**What the task requires**
Every record here must be copied exactly, except for the images it holds.

[Captioned web images]
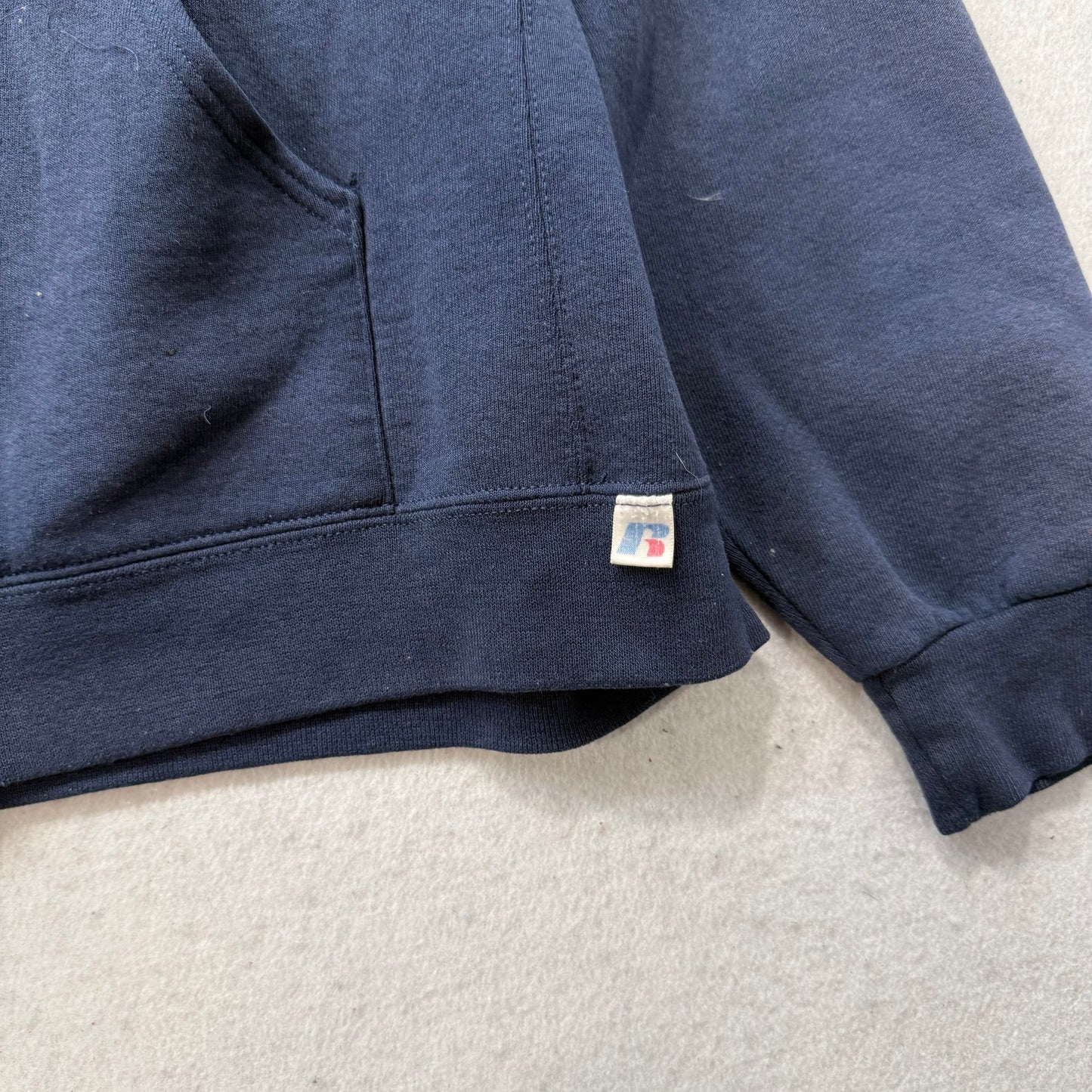Russell Athletic Men's Navy Blue Cotton Relaxed Fit Full Zip Hoodie Logo Size XL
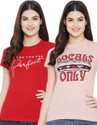 Fabflee Printed Women Round Neck Multicolor T-Shirt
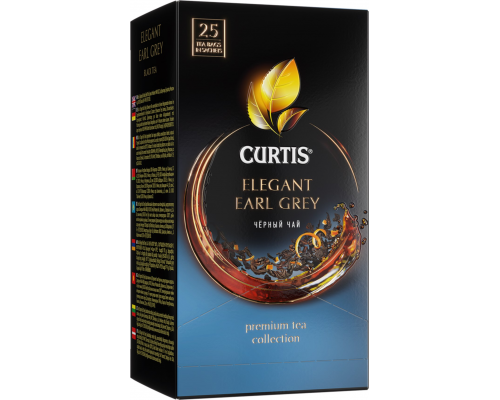 Чай черный CURTIS Elegant Earl Grey ароматизированный с добавками байховый, 25пак, Россия, 25 пак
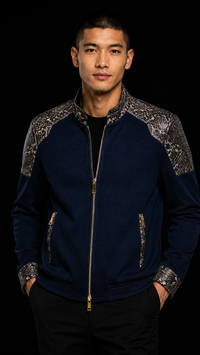 Blue Python wool Jacket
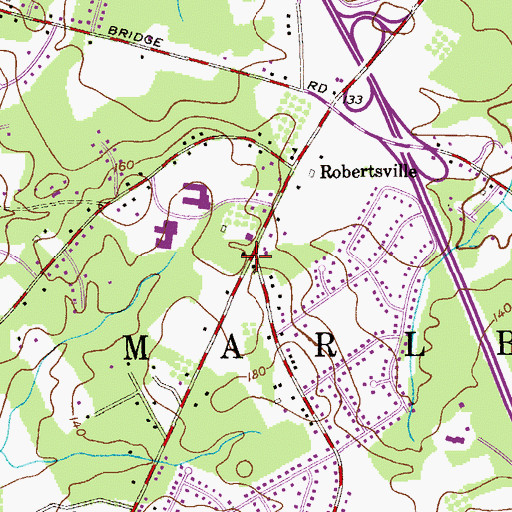 Topographic Map of Robertsville Bible Church, NJ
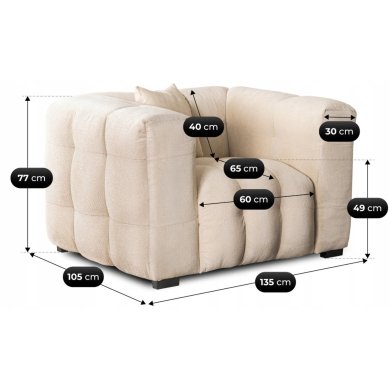 Кресло мягкое Mebel Elit MODERNO 1S Кремовый ME.MODERNO1S/KR/TB/FW фото - 10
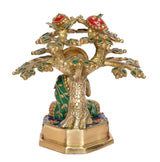 Brass Buddha tree showpiece rear view, jeweled canopy over detailed trunk and base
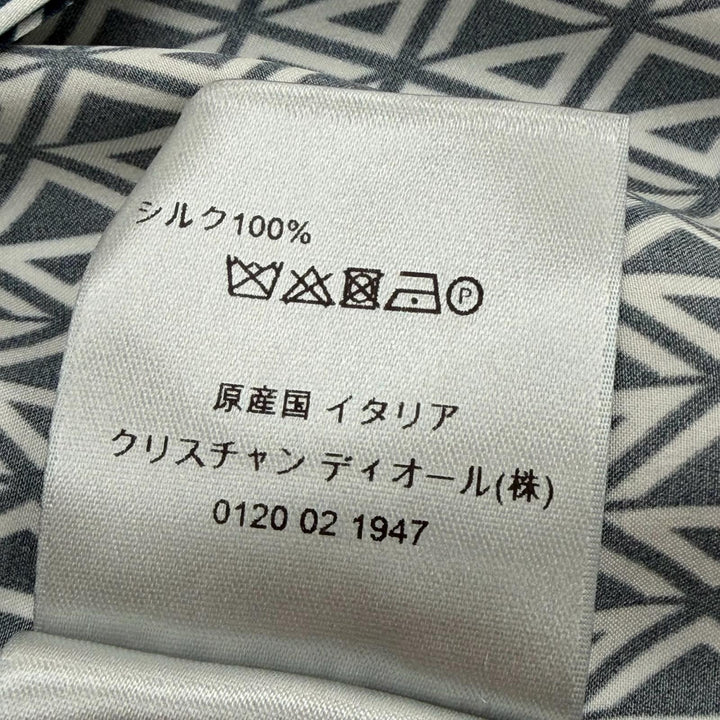未使用品▼DIOR ディオール オム 0130C502A5106 シルク100% CDダイヤモンド 比翼仕立て ロングスリーブ 長袖シャツ ネイビー 38 正規品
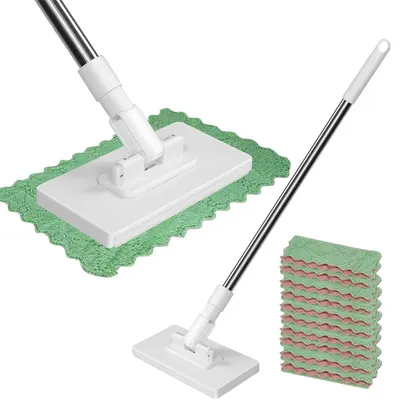 Produktbild von Bodenwischer mit Druckklemmsystem, Wischmops, Tuchwechsel per Knopfdruck, automatische Tuchklemmung, mit 10 wiederverwendbaren Mikrofasertüchern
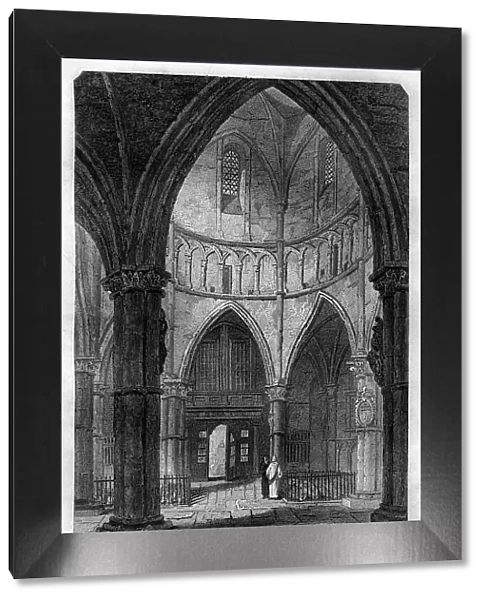 Interior of the Temple Church, London, 1816. Artist: Sands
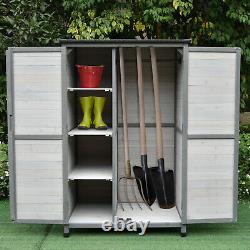Outsunny Solid Wood Garden Large Storage Outdoor Lawn Shed For Long Tool With Lock
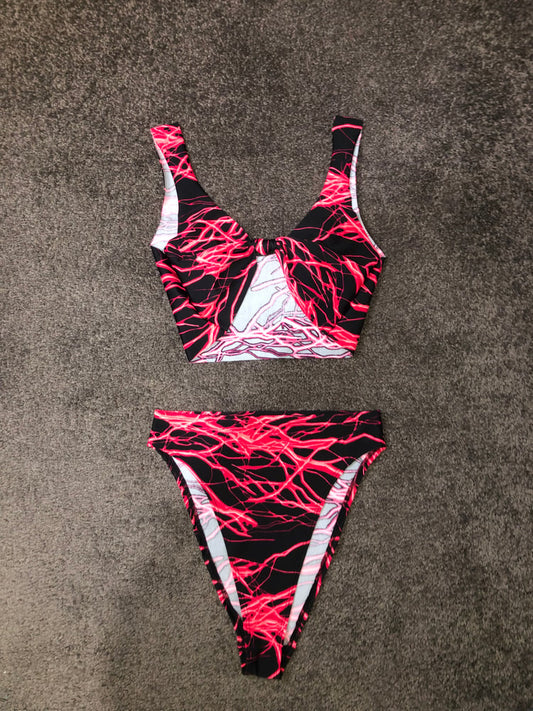Electro Red 90s High Leg Bottoms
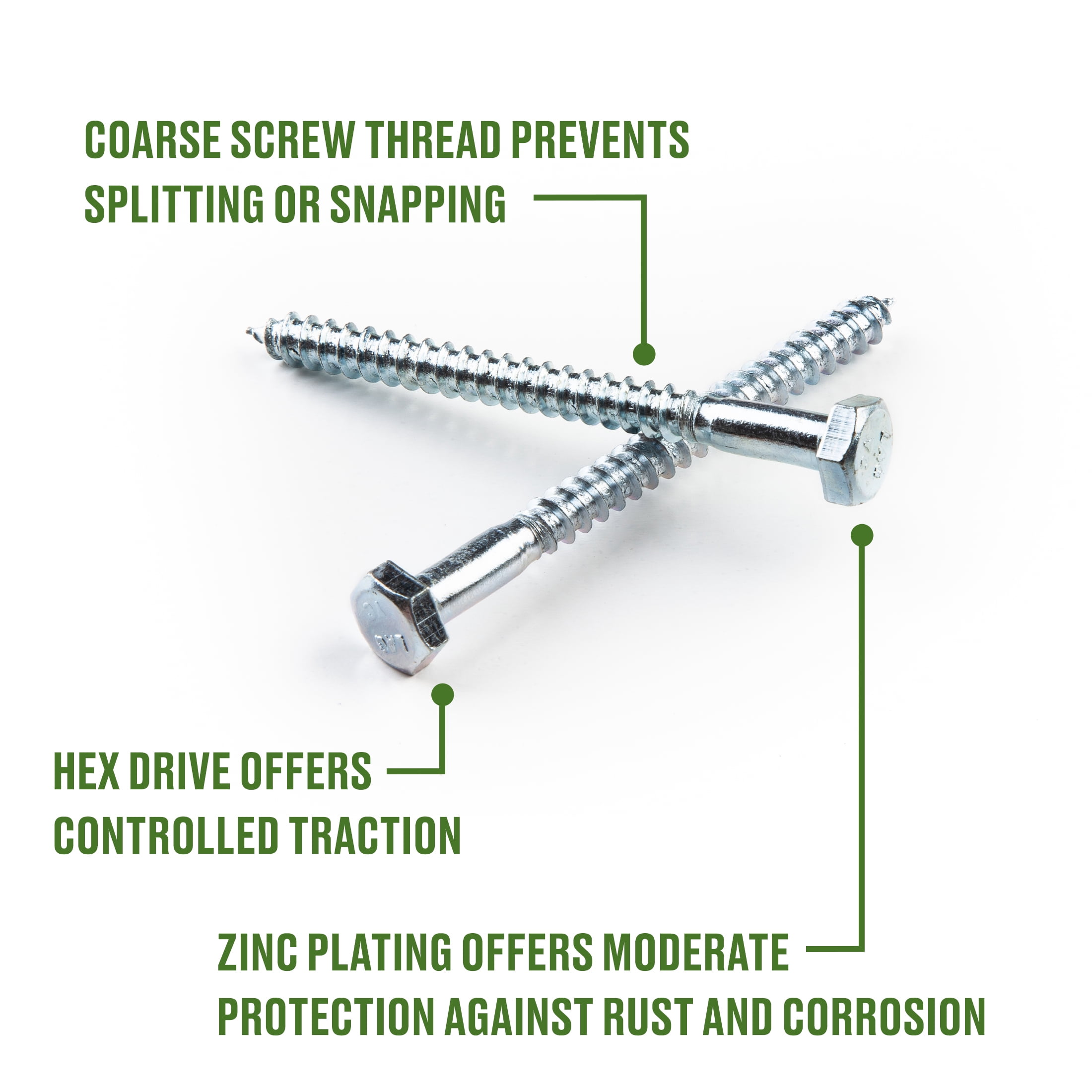 (4 pack) Hillman Lag Screws, 5/16" x 1", Zinc Plated, Steel, Pack of 4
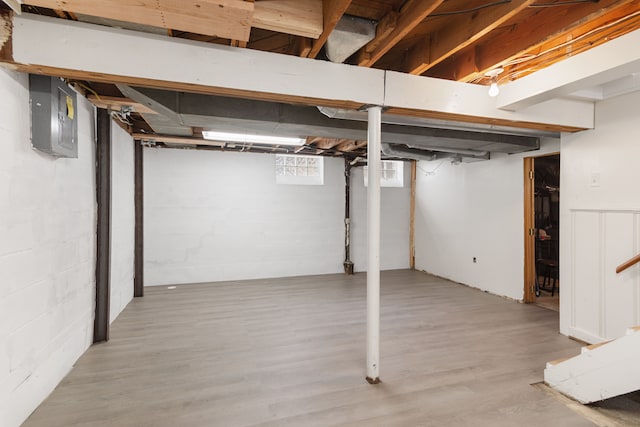 2270 23rd St, Wyandotte, MI 48192 - below grade area with electric panel and wood finished floors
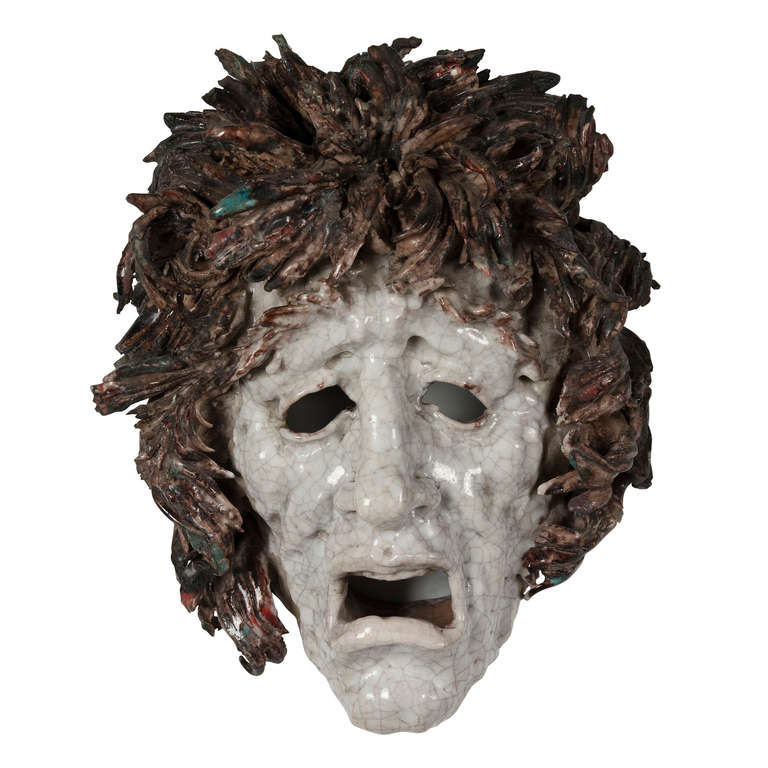 Italian Comedia del'Arte Masks by Pattarino For Sale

**Written answer**
Russell Athletic Men's Navy Blue Cotton Relaxed Fit Full Zip Hoodie Logo Size XL
 Fabflee Printed Women Round Neck Multicolor T-Shirt
 Чай черный CURTIS Elegant Earl Grey ароматизированный с добавками байховый, 25пак, Россия, 25 пак
 Blue Python wool Jacket
 Topographic Map of Robertsville Bible Church, NJ
 Кресло мягкое Mebel Elit MODERNO 1S Кремовый ME.MODERNO1S/KR/TB/FW фото - 10
 Brass Buddha tree showpiece rear view, jeweled canopy over detailed trunk and base
未使用品▼DIOR ディオール オム 0130C502A5106 シルク100% CDダイヤモンド 比翼仕立て ロングスリーブ 長袖シャツ ネイビー 38 正規品
 Produktbild von Bodenwischer mit Druckklemmsystem, Wischmops, Tuchwechsel per Knopfdruck, automatische Tuchklemmung, mit 10 wiederverwendbaren Mikrofasertüchern
 Interior of the Temple Church, London, 1816. Artist: Sands
Outsunny Solid Wood Garden Large Storage Outdoor Lawn Shed For Long Tool With Lock
Electro Red 90s High Leg Bottoms
 (4 pack) Hillman Lag Screws, 5/16" x 1", Zinc Plated, Steel, Pack of 4
 2270 23rd St, Wyandotte, MI 48192 - below grade area with electric panel and wood finished floors
 Italian Comedia del'Arte Masks by Pattarino For Sale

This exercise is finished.